##### Supplied material #####

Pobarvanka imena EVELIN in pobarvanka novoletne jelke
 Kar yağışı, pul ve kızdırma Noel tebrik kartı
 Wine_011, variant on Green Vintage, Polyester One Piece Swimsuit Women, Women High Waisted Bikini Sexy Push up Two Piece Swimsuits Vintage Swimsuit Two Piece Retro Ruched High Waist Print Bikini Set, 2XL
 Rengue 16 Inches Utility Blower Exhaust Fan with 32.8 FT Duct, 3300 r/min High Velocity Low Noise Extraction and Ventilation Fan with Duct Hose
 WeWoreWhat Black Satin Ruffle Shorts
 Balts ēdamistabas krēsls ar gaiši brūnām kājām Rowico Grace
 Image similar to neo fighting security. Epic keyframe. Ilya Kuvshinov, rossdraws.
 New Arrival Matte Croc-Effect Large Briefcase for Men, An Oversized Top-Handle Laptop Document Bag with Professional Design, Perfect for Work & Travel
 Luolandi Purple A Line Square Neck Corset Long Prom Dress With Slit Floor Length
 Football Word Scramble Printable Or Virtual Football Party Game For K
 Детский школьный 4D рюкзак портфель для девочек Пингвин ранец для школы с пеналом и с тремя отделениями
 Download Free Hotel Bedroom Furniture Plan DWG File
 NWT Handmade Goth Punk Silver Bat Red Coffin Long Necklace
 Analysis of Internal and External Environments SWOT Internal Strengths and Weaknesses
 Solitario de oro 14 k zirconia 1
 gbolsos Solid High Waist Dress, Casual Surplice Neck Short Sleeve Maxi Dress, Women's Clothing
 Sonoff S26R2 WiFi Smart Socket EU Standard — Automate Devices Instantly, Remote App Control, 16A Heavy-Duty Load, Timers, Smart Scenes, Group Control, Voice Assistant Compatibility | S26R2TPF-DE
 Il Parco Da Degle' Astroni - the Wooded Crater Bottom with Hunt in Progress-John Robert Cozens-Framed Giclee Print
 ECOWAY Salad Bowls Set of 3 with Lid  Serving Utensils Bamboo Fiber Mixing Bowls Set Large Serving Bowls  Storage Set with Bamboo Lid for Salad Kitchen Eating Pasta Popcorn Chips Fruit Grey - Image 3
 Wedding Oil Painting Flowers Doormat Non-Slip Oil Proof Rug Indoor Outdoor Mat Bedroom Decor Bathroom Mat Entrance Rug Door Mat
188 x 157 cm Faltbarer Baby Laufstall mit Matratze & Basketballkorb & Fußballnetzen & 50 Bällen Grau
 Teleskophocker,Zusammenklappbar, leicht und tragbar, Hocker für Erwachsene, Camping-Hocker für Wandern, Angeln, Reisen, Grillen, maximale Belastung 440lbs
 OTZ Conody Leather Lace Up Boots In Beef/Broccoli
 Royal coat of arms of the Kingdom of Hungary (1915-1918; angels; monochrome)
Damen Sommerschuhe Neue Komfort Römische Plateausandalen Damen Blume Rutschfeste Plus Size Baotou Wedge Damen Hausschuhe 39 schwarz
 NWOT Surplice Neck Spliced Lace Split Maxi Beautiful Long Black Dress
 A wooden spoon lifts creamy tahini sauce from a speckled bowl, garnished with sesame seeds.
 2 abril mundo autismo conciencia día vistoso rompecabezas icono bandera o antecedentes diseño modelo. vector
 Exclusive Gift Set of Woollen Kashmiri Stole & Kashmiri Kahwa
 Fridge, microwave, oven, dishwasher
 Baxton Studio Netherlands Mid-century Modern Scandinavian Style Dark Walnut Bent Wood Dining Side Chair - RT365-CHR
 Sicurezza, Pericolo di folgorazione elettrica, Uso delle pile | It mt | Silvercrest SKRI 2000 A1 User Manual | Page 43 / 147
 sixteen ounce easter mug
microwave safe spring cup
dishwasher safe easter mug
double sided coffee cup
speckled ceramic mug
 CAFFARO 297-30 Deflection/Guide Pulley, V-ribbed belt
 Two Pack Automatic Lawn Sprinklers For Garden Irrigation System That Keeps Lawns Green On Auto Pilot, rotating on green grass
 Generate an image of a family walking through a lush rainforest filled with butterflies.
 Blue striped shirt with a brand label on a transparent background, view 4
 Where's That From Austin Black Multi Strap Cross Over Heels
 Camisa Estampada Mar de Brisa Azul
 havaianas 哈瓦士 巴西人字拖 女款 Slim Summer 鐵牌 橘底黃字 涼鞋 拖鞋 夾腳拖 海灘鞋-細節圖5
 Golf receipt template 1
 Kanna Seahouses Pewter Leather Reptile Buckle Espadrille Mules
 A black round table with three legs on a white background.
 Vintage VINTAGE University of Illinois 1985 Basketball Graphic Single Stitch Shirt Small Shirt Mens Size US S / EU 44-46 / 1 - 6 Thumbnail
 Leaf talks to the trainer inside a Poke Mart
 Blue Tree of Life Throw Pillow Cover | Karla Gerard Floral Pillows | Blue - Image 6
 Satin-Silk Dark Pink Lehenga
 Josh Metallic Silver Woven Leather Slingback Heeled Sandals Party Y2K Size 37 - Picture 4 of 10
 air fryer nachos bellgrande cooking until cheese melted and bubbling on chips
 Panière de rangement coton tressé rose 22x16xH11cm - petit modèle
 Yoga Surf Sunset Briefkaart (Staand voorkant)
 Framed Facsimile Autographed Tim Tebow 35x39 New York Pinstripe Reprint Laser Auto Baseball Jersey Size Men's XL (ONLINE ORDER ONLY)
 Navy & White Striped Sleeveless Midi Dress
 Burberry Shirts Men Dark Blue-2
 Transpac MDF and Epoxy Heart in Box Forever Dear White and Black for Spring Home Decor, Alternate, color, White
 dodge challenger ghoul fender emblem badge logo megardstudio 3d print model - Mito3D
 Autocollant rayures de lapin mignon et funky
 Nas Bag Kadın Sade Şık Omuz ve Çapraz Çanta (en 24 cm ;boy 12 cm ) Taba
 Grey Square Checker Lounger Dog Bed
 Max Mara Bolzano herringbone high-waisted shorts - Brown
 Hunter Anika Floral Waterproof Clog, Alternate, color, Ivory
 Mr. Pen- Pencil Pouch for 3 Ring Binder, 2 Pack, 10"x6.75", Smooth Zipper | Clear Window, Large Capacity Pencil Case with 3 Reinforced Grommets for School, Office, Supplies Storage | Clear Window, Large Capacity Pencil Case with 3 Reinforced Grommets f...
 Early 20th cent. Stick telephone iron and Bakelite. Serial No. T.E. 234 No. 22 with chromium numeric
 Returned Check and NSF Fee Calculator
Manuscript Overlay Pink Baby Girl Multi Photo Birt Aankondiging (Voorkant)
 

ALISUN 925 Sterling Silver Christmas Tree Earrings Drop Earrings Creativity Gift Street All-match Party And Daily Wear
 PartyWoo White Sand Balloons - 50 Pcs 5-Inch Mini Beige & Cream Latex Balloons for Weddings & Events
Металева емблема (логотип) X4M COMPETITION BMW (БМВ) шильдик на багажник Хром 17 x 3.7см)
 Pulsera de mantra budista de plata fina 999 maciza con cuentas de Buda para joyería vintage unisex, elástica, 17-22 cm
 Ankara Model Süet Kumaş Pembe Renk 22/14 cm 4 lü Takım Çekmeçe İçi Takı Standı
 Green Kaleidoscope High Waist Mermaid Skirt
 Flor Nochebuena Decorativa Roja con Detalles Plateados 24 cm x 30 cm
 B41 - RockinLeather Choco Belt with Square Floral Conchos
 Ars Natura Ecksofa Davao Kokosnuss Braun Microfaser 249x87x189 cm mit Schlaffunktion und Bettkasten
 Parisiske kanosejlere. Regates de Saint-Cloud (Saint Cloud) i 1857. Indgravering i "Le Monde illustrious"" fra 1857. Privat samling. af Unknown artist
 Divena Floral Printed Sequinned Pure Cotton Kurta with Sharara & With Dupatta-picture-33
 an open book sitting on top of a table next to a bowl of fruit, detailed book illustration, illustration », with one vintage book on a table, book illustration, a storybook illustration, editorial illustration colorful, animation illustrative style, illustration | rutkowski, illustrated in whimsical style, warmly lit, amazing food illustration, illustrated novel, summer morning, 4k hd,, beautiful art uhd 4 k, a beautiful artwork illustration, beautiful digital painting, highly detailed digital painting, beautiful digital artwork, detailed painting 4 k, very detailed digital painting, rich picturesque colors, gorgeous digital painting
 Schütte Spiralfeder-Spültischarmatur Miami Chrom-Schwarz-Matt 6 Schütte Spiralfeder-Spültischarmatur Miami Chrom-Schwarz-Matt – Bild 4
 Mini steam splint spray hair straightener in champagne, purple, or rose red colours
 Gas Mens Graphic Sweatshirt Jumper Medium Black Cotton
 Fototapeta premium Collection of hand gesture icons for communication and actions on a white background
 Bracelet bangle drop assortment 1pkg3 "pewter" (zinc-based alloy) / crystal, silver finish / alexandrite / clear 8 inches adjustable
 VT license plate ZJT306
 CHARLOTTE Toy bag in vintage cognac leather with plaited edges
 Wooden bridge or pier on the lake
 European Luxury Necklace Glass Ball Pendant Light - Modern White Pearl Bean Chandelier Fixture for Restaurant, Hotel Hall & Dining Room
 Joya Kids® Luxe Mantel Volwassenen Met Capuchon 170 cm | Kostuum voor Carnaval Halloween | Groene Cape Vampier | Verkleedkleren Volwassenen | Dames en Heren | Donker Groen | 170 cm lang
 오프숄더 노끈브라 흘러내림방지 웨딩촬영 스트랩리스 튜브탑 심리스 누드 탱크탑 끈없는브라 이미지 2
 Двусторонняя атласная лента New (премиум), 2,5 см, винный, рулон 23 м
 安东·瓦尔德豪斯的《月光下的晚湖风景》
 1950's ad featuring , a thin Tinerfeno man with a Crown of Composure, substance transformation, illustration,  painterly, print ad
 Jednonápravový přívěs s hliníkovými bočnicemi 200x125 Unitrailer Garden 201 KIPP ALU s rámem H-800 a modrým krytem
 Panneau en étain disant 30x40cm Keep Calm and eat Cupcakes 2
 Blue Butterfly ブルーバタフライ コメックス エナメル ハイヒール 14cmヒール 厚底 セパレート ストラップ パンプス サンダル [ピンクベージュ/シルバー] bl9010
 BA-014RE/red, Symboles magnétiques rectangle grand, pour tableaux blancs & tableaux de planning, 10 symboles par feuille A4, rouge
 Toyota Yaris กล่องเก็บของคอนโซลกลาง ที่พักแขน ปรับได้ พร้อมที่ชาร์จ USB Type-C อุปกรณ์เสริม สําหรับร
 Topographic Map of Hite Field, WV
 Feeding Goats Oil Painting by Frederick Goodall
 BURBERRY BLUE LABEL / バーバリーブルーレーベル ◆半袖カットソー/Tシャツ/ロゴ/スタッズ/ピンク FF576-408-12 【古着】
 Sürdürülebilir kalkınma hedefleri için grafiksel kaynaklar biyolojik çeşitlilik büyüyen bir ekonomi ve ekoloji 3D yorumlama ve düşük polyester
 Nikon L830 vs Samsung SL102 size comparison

#####

▶ **Exercise requirements**:
Could you return exactly the lines above from the line with "B41 - RockinLeather" to the line with "Divena Floral Printed", both included, and nothing else?

▶ **Reply**:
 B41 - RockinLeather Choco Belt with Square Floral Conchos
 Ars Natura Ecksofa Davao Kokosnuss Braun Microfaser 249x87x189 cm mit Schlaffunktion und Bettkasten
 Parisiske kanosejlere. Regates de Saint-Cloud (Saint Cloud) i 1857. Indgravering i "Le Monde illustrious"" fra 1857. Privat samling. af Unknown artist
 Divena Floral Printed Sequinned Pure Cotton Kurta with Sharara & With Dupatta-picture-33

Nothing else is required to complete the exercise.